### Task statement
Below are the entries to work from; restate word for word the portion that opens with the line containing "Spencer Clear Fanny" and closes with the line containing "Lakleren Elkan veterschoen Lakleren", keeping both.

Supplied material section start

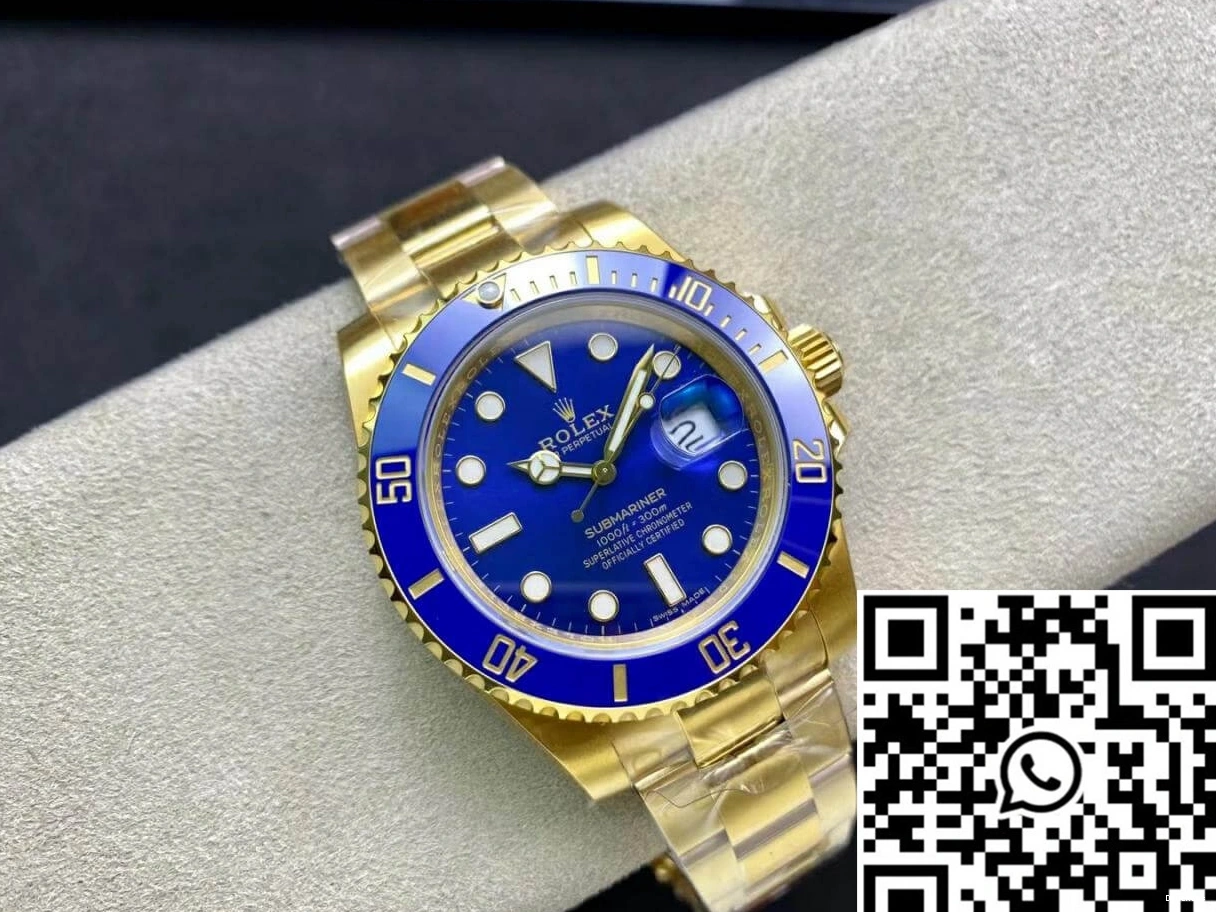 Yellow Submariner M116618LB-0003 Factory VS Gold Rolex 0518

Supplied material section end
Supplied material section start

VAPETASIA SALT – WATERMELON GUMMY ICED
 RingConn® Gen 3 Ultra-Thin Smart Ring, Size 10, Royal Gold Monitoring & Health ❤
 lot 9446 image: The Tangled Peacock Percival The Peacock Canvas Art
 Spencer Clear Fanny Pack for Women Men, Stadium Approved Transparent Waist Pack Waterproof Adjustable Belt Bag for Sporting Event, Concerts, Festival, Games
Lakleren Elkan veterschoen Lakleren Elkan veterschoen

Supplied material section end

### Exercise solution
 Spencer Clear Fanny Pack for Women Men, Stadium Approved Transparent Waist Pack Waterproof Adjustable Belt Bag for Sporting Event, Concerts, Festival, Games
Lakleren Elkan veterschoen Lakleren Elkan veterschoen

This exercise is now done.